Segment Start: Recorded data

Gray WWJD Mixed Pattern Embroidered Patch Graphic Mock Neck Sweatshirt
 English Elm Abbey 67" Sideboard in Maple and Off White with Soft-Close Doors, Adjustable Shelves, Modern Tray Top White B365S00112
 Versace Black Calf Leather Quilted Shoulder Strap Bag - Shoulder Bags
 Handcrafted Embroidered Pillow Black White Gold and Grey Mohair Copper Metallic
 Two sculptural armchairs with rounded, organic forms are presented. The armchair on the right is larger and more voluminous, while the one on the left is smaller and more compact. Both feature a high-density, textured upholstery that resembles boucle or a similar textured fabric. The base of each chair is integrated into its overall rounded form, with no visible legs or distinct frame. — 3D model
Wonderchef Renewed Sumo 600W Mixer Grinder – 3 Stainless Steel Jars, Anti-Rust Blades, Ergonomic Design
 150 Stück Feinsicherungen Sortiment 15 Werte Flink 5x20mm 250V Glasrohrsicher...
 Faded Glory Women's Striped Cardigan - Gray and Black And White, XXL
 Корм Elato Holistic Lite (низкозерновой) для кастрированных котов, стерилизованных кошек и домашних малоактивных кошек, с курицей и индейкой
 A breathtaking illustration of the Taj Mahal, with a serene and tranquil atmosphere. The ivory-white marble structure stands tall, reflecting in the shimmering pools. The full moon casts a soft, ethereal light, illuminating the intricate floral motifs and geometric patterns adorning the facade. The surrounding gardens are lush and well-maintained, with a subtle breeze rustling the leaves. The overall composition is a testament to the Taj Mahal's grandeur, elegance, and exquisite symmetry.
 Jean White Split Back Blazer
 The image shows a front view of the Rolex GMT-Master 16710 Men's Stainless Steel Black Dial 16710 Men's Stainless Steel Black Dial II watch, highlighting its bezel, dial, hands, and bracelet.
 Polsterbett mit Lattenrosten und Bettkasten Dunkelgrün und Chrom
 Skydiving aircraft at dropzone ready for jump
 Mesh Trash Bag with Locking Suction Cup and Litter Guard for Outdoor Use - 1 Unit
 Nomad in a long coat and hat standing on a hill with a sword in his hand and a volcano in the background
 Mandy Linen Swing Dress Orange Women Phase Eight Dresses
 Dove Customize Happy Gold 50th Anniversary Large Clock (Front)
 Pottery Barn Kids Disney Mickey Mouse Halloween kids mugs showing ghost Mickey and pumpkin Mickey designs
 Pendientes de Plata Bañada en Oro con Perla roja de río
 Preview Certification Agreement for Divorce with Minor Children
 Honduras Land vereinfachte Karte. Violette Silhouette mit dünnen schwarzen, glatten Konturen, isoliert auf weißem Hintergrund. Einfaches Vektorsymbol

Segment End: Recorded data

> **Task instructions**
From the first line of the listing above to the line that contains "Handcrafted Embroidered Pillow", inclusive, restate every line word for word. Nothing else belongs in the answer.

> **Answer**
Gray WWJD Mixed Pattern Embroidered Patch Graphic Mock Neck Sweatshirt
 English Elm Abbey 67" Sideboard in Maple and Off White with Soft-Close Doors, Adjustable Shelves, Modern Tray Top White B365S00112
 Versace Black Calf Leather Quilted Shoulder Strap Bag - Shoulder Bags
 Handcrafted Embroidered Pillow Black White Gold and Grey Mohair Copper Metallic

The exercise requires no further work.